Kaul also served as India’s deputy high commissioner in London, as well as ambassador to Iran from 1958 to 1960.
Siddhartha Shankar Ray
Ray, a senior Congress politician, was chief minister of West Bengal (1972-1977) and held a number of cabinet positions throughout his long tenure in politics. In 1992, he was appointed as India’s ambassador to the US till 1996, despite never visiting the country or having any prior diplomatic experience.
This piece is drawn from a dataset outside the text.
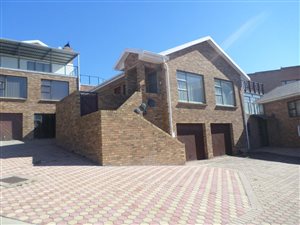 4 Bed House in Hartenbos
As a politician, while his record was mixed, he was considered an important troubleshooter for the Congress, and had at one point even discussed with then PM Indira Gandhi the Emergency powers underlined within the Constitution of India.
His appointment came with the protocol of a cabinet minister. It was Ray’s tenure that saw a thaw in ties between India and the US, before the Pokhran nuclear tests in 1998 halted the growing engagement between New Delhi and Washington.
Then PM Narasimha Rao travelled to the US in 1994, while Ray was envoy, and the visit was considered successful.
Laxmi Mall Singhvi
L.M. Singhvi was India’s second longest serving High Commissioner to the UK, a post he held between 1991 and 1997. Before being appointed as a diplomat, Singhvi was a jurist and parliamentarian.
During his tenure as high commissioner, he enjoyed the rank of cabinet minister. His only son, Abhishek Manu Singhvi, is a senior advocate and member of the Rajya Sabha, representing the state of Telangana for the Congress.